Collected data entries
:::
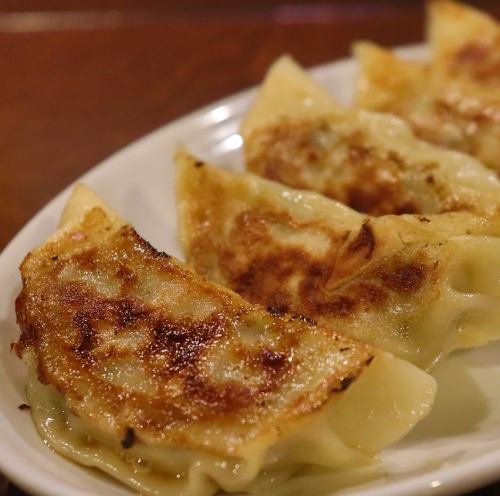 店内手包み餃子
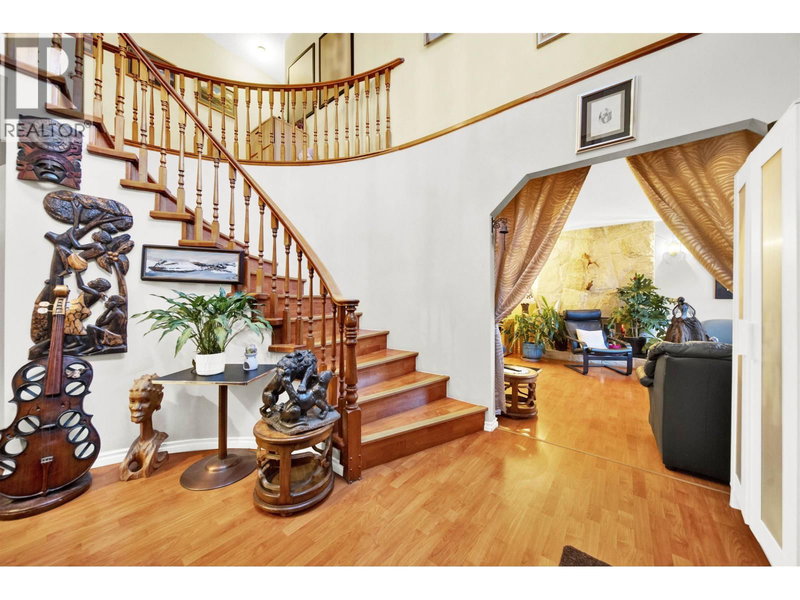 7893 CUMBERLAND Street, Burnaby, V3N3Y6 | Image 2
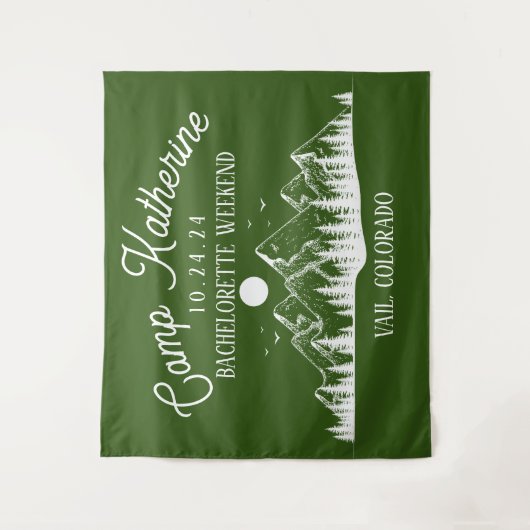 Kampeerweekend met tenten voor vrouwen, Berg Glamp Wandkleed (Voorkant)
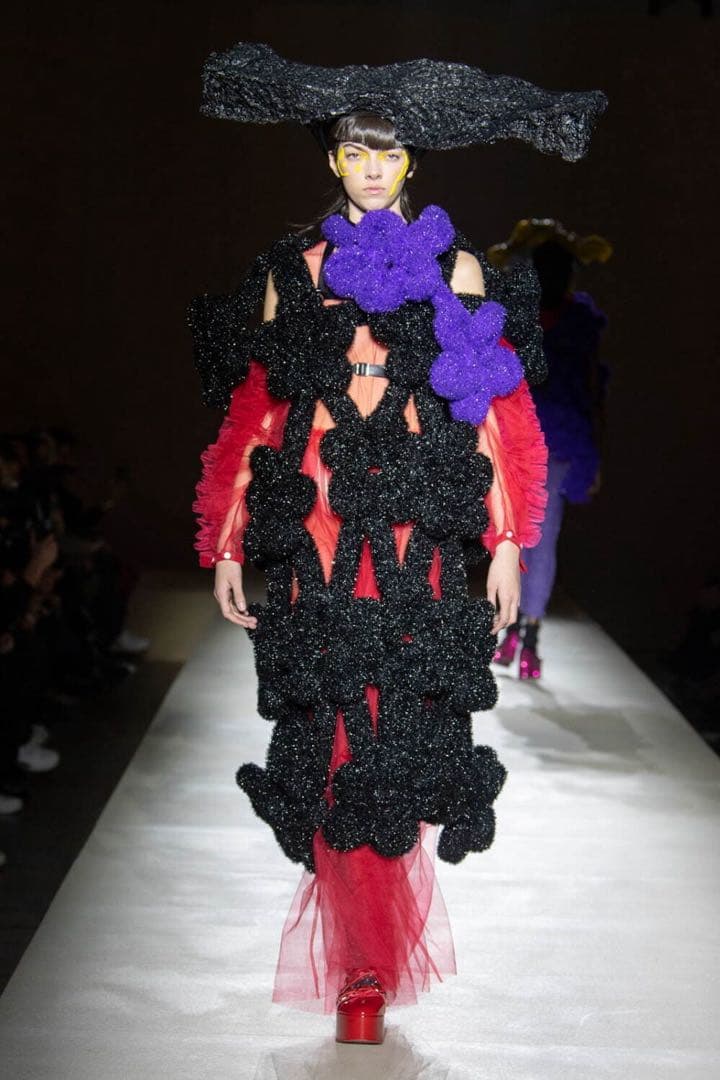 秋元梢着 23AW noir kei ninomiya フラワー ハーネスドレス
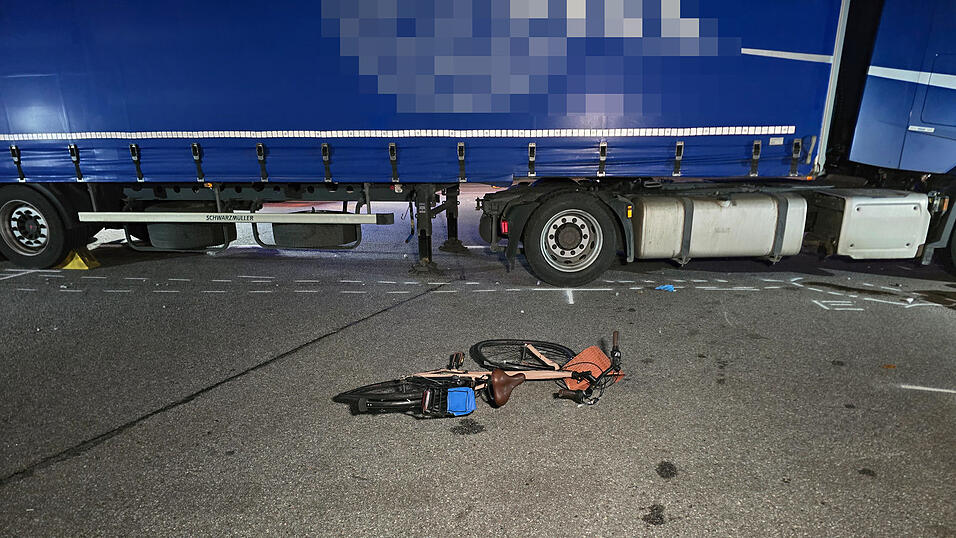 Eine Radfahrerin wurde in Neutraubling von einem Lastwagen erfasst. Helfer konnten das Leben der Frau nicht mehr retten. 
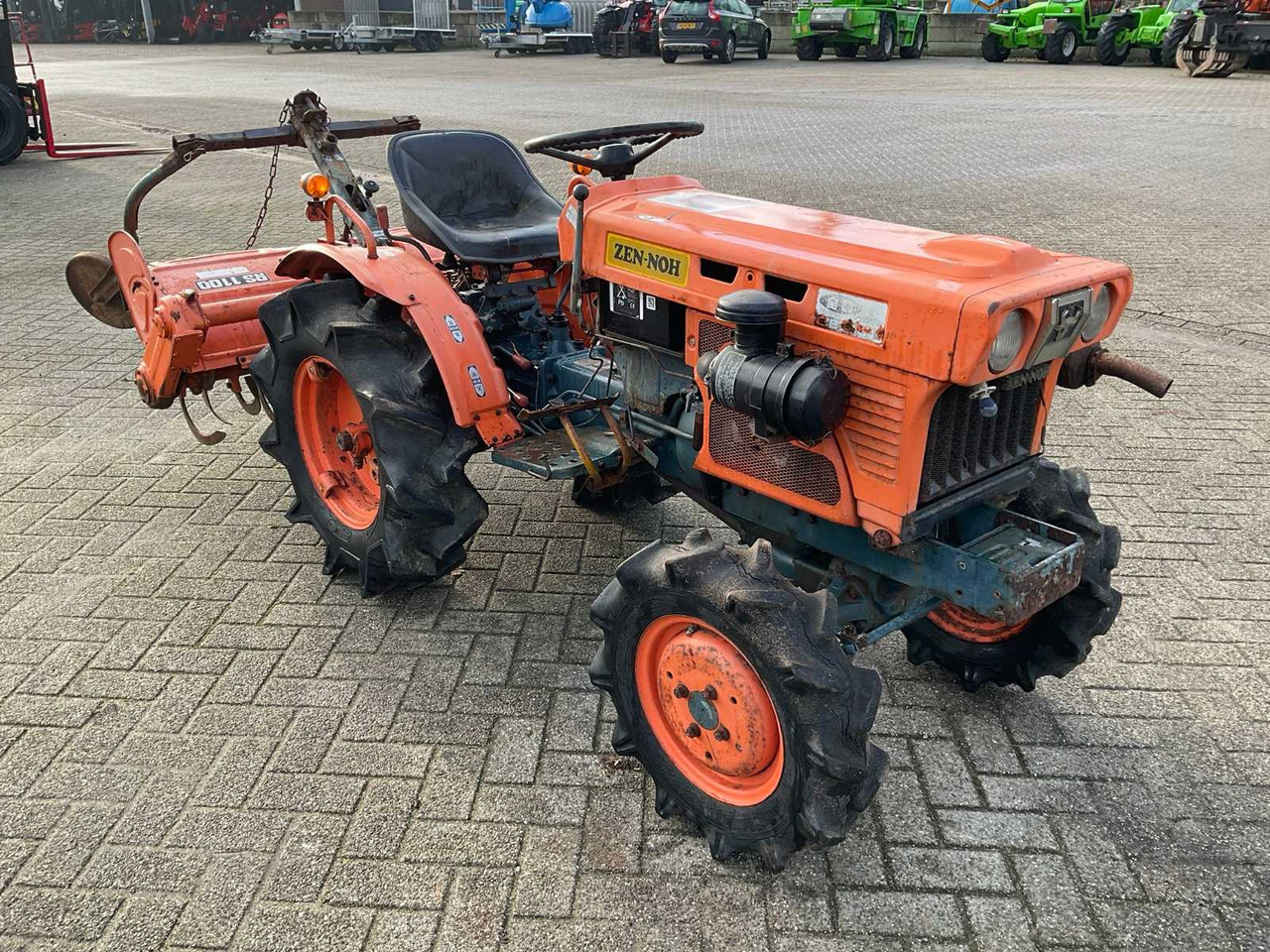 Kubota ZB7001 - Kompaktný traktor: obrázok 4 Kubota ZB7001 - Kompaktný traktor: obrázok 4
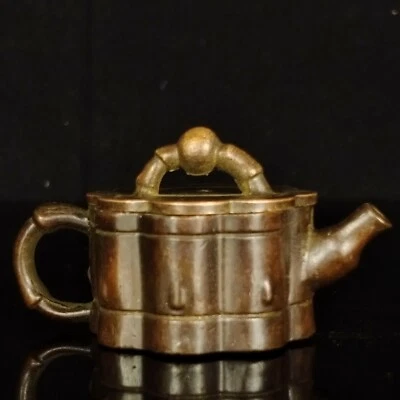 Antigua estatua china de bronce con mango de olla con mango de té y mascota adorno Foto 1 de 4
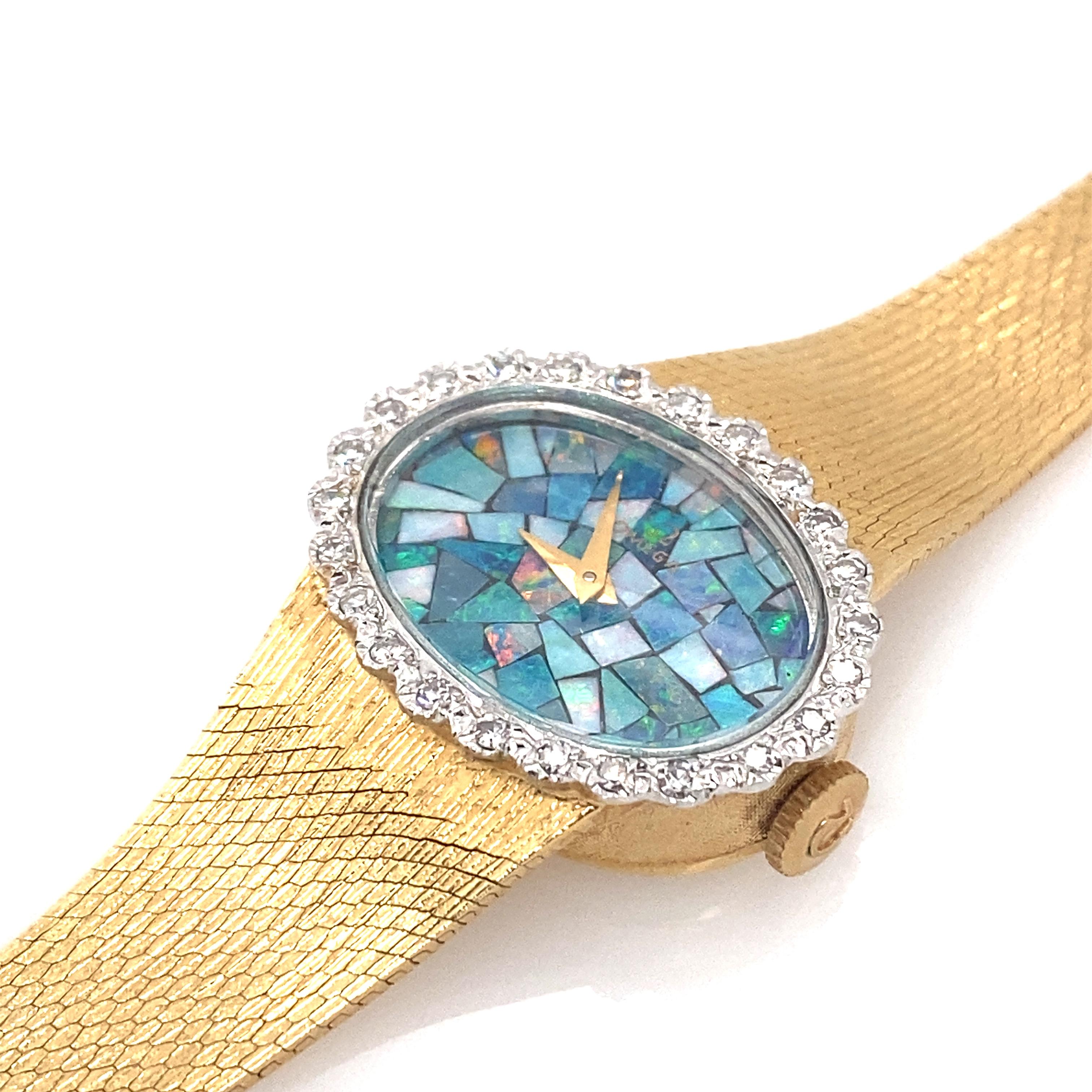 Omega Montre pour femmes en or jaune 14 carats avec diamants Bon état - En vente à Atlanta, GA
:::
Print, with pictures removed, exactly the lines of the records above from the top through the line containing "Kubota ZB7001 - Kompaktný traktor: obrázok 4 Kubota".

[Exercise solution]:
 店内手包み餃子
 7893 CUMBERLAND Street, Burnaby, V3N3Y6 | Image 2
 Kampeerweekend met tenten voor vrouwen, Berg Glamp Wandkleed (Voorkant)
 秋元梢着 23AW noir kei ninomiya フラワー ハーネスドレス
 Eine Radfahrerin wurde in Neutraubling von einem Lastwagen erfasst. Helfer konnten das Leben der Frau nicht mehr retten. 
 Kubota ZB7001 - Kompaktný traktor: obrázok 4 Kubota ZB7001 - Kompaktný traktor: obrázok 4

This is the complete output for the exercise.